Why it matters: this actually makes writing good prompts easier. You get real headings, bullet lists, code blocks, and inline examples with no JSON escaping or \n noise. It also means you should not try to “configure” the agent through frontmatter fields that do not exist.

3. Permissions are per-tool, not per-group.

What we thought: following older Roo-style conventions, permissions would be groups like read, edit, bash, browser, mcp, assigned as a flat list: groups: ["read", "bash"].

What we found: Kilo models permissions per individual tool name, with allow / deny / ask actions and optional glob-pattern scoping. The schema lives in packages/opencode/src/config/config.ts around lines 504 to 534.

Example of what the current shape looks like:

permission:
  read: allow
  bash:
    "./scripts/repro-*.sh": "allow"
    "*": "deny"
  edit:
    "artifacts/*": "allow"
    "*": "deny"

Why it matters: per-tool scoping is more precise than groups. A Triager can have bash access for specific repro scripts only, without opening up arbitrary command execution. That precision is what makes the agent-level permission story credible rather than hand-wavy, and it’s a selling point worth calling out in the demo.

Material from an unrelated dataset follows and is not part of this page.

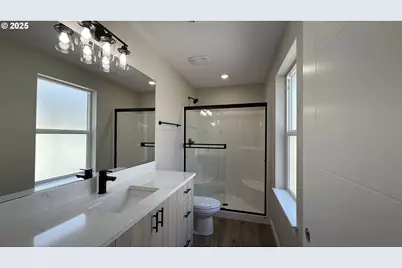 14364 SE Knight St, Portland, OR 97236 - Photo 4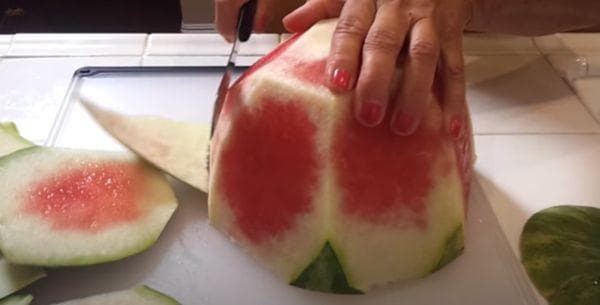 Un moyen facile de couper la pastèque 3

4. The `mode` field is an enum with meaningful semantics.

The mode frontmatter field takes one of three values:

primary: user-selectable from the agent picker in the UI.
subagent: only reachable via delegation from another agent (through the task tool).
all: both of the above.

Why it matters: for v1 both Triager and Scribe are primary because the user manually switches between them. If a later version had Triager invoke Scribe automatically, Scribe would become subagent (or all), and Triager would need task: allow in its permissions.

Prompts

1. Format does not fix prompt quality.

Moving from .kilocodemodes (JSON) to .kilo/agents/<name>.md (markdown body) made prompts easier to write, not easier to get right. The container changed; the words that shape agent behavior did not.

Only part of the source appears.